Early Exploration & The First AI Winter

k-NN, Naive Bayes, and the chain rule — simple but powerful ideas that still matter today.

1967

k-Nearest Neighbors Paper

No training needed — classify a new point by majority vote of its k closest known samples. Simple yet surprisingly effective.

A non-parametric alternative to Perceptron's linear boundary; its distance-based approach later inspires kernel methods in SVM.
prediction = mode(labels of k nearest neighbors)
1960s

Naive Bayes Classifier Paper

Assumes features are independent (they usually aren't!), yet amazingly effective for spam filtering and text classification.

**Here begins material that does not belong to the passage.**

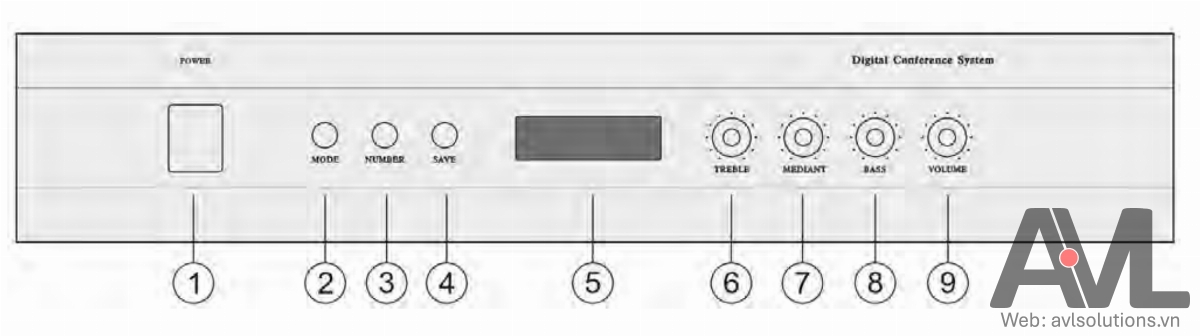 Hướng dẫn sử dụng, lắp đặt hệ thống hội thảo kỹ thuật số Takstar DG-S100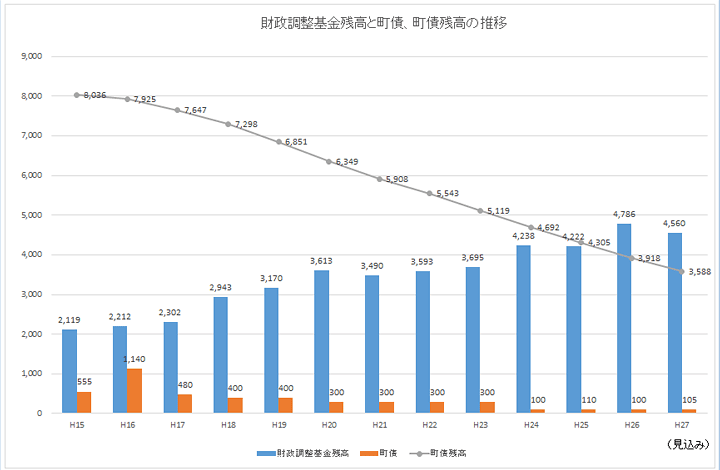 財政調整基金残高と町債、町債残高の推移のグラフ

Directly applies Bayes' Theorem to classification with the "naive" independence assumption; probabilistic thinking later extends to GMM+EM.
P(class|features) ∝ P(class) × ∏ P(featureᵢ | class)
1970

Automatic Differentiation (Chain Rule) Paper

Linnainmaa's chain rule in code — compute gradients backward from output to inputs. The mathematical foundation of ALL neural network training.

Extends Adaline's gradient idea to arbitrary computation graphs; directly enables Backpropagation in deep networks.
∂L/∂x = (∂L/∂z) · (∂z/∂y) · (∂y/∂x) — multiply local gradients backward!